In both cases it seems natural to use the word 'community' because programming languages do tend to foster a community of users who interact and share knowledge.  In the case of open source communities they also share code by contributing to the frameworks that support the language's users.  This latter point is critical to me, the Java community goes way beyond the core framework.  Java without the work of the Apache foundation would be significantly less useful for programming web applications.

That said, there is a new community of Java developers emerging because of its use on the Android mobile platform.  This programming community may share the same syntax but could easily become quite distinct.  In some ways it is a return to Java's roots.  Java was invented as a language for embedded devices where the types of programming errors C/C++ developers were making could be fatal.  The sandbox was a key part of this, ensuring a higher level of security for the system and protecting it from rogue applications.  These are just the qualities you need on a mobile phone or consumer electronics device where the cost of bricking your customers' favourite toys is an expensive repair and replace programme.  C# is also in this space, in this recent article on The Death of Mono notice that the knight in shining armour is driven by a mobile-based business case.

So if you want to use C# and .Net to develop web applications it seems to me that you are better sticking with Microsoft's technology stack and playing in that community because running your code on other platforms is likely to get harder, not easier.  And so the Java/C# schism lives on in the web app world.

Python and the Java/C# Schism

Given that the C# and Java communities seem to be a playing out an each to their own strategy it got me wondering about the Python community and how IronPython and Jython fit in.  Python started out as a scripting language implemented in C/C++.  There is typically no virtual machine or sandbox, it is just a pleasant and convenient way to spend a few days writing programs that you would have previously wasted years of your life trying to implement in C++.  The Python framework is a blend of modules written purely in Python with some bare-to-the-metal modules that wrap underlying C++ code.


Given that both Java and C# provide C/C++ like environments with the added safety of a sandbox and garbage collection, implementing Python on these platforms was a logical step and Jython (Python on Java) and IronPython (Python on C#) have even caused the word CPython to enter the vocabulary as the original Python interpreter.

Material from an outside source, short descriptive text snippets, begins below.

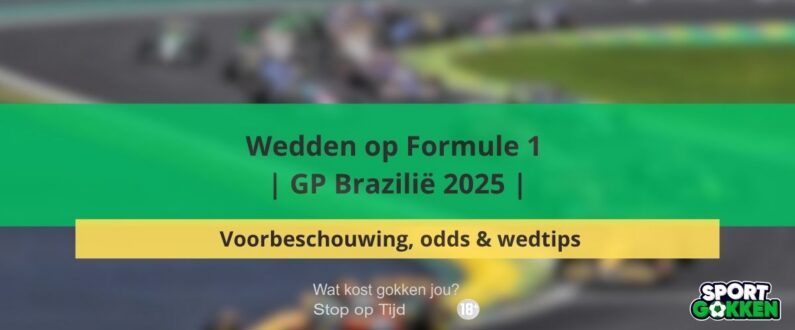 Wedden op Formule 1 | GP Brazilië 2025 | Voorbeschouwing, odds & wedtips
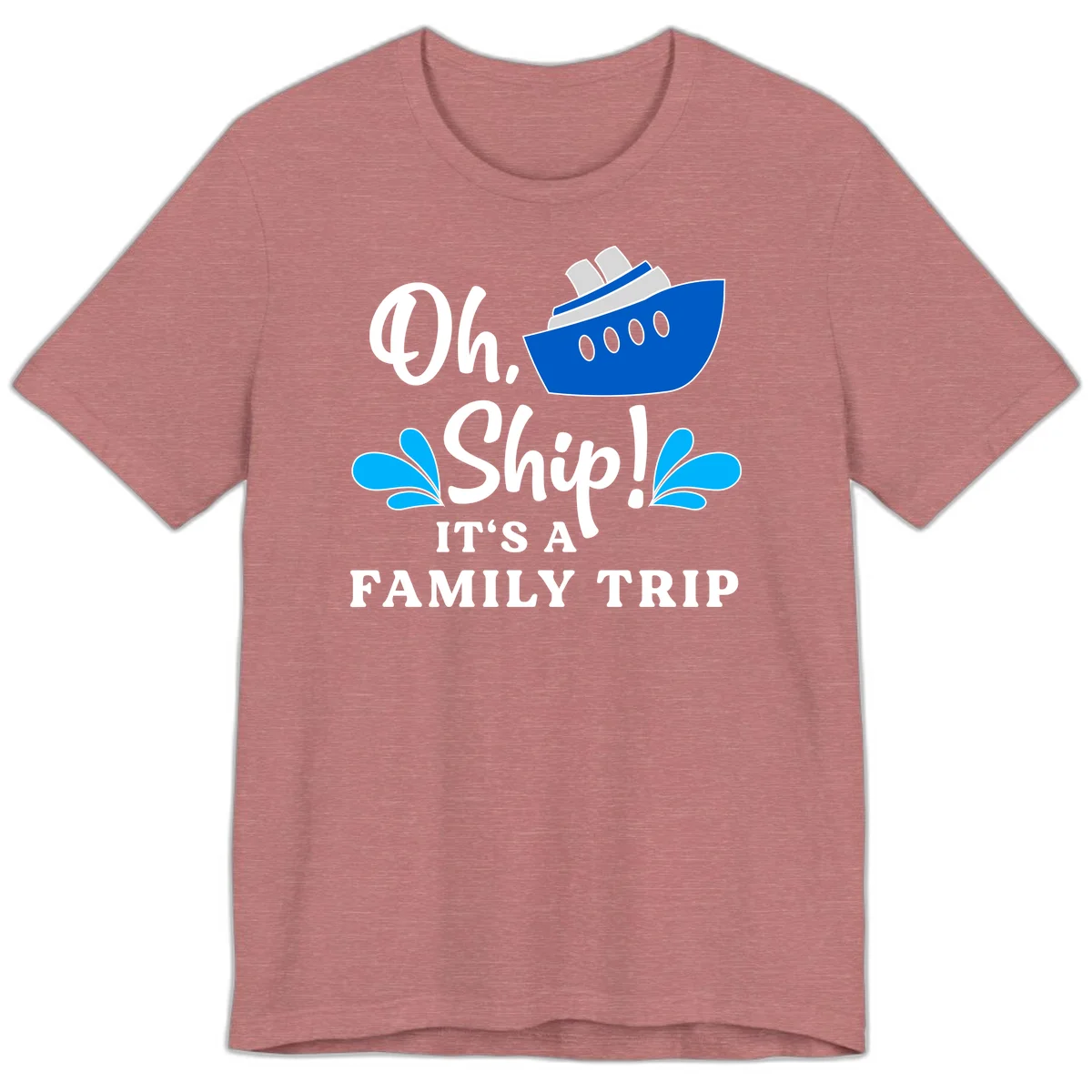 Oh Ship It's A Family Trip Premium T-Shirt in Heather Mauve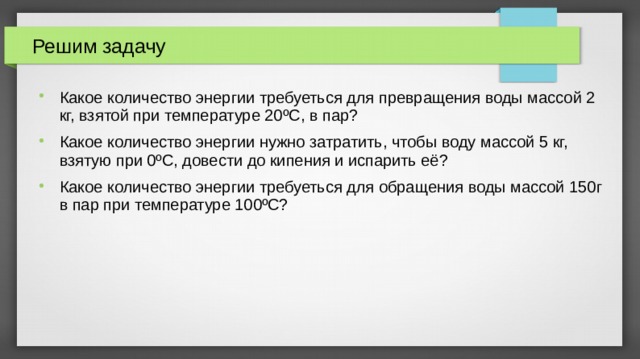 Решим задачу Какое количество энергии требуеться для превращения воды массой 2 кг, взятой при температуре 20 ºС, в пар? Какое количество энергии нужно затратить, чтобы воду массой 5 кг, взятую при 0ºС, довести до кипения и испарить её? Какое количество энергии требуеться для обращения воды массой 150г в пар при температуре 100ºС? 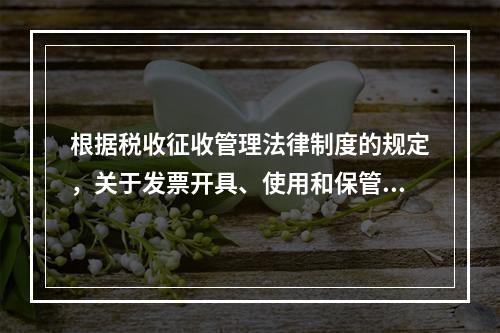 根据税收征收管理法律制度的规定，关于发票开具、使用和保管的下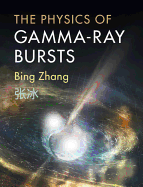 The Physics of Gamma-Ray Bursts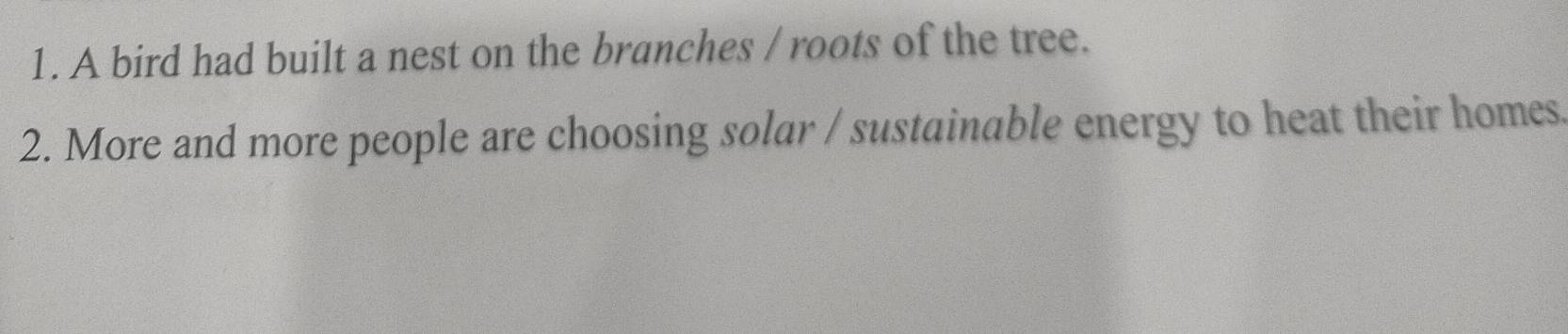 A bird had built a nest on the branches / roots of the tree. 
2. More and more people are choosing solar / sustainable energy to heat their homes.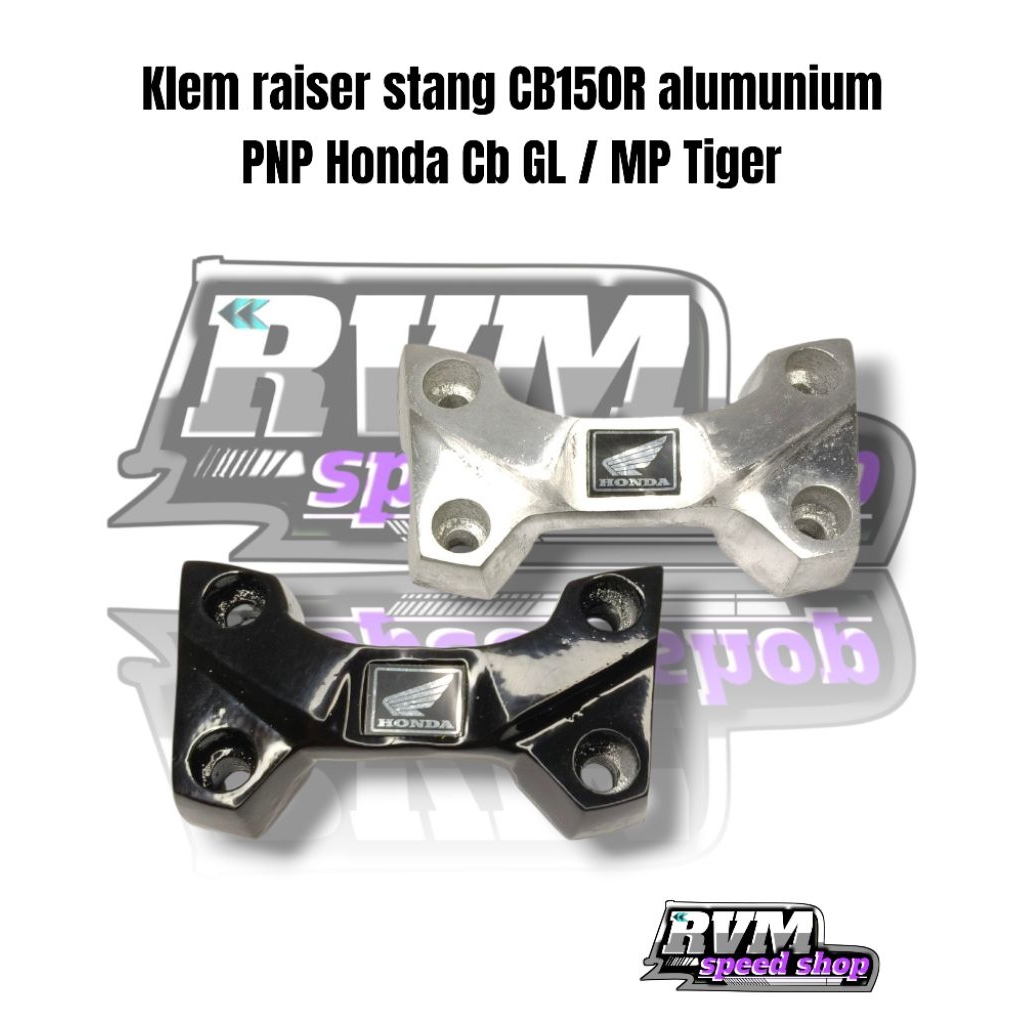 แฮนด์ Raiser Clamp PNP Honda cb GL pro GL max Megapro รุ่น ORI Honda cb 150R CBR 150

In an earlier blog post I described my first steps with IronPython and described how previous attempts to implement PyAssess and my QTI migration tool had failed on Jython.  With hindsight, I shouldn't be too surprised to see that the IronPython developers have made the same decisions and that my code fails on IronPython for the same reasons it fails on Jython.  The technical issue I'm having is described in this discussion thread, which raises concerns of a schism in the Python community itself!

Actually, the trajectory of CPython towards Python 3 should solve this problem and Jython, IronPython and CPython should converge again on the unicode vs string issue, though when that will be is anyone's guess because Python 3 is not backwards compatible.  Not only will code need to be reviewed and, in some cases, rewritten but the conversion process will effectively fork most projects into separate source trees which will make maintenance tricky.

As with the Java and C# communities, the framework is just as important as the language and probably more so in defining the community.  Even if the basic language converges on the three platforms it seems likely that the C#/Java schism will mean that most projects for IronPython will exist as a more pleasant and convenient way of implementing a C#/.Net project rather than as a target platform for cross-platform projects.  For example, Python frameworks like wxPython (a GUI toolkit for desktop apps) rely on the commonality of an underlying framework (the C++ wxWindows) so are unlikely to emerge while the Java/C# schism remains.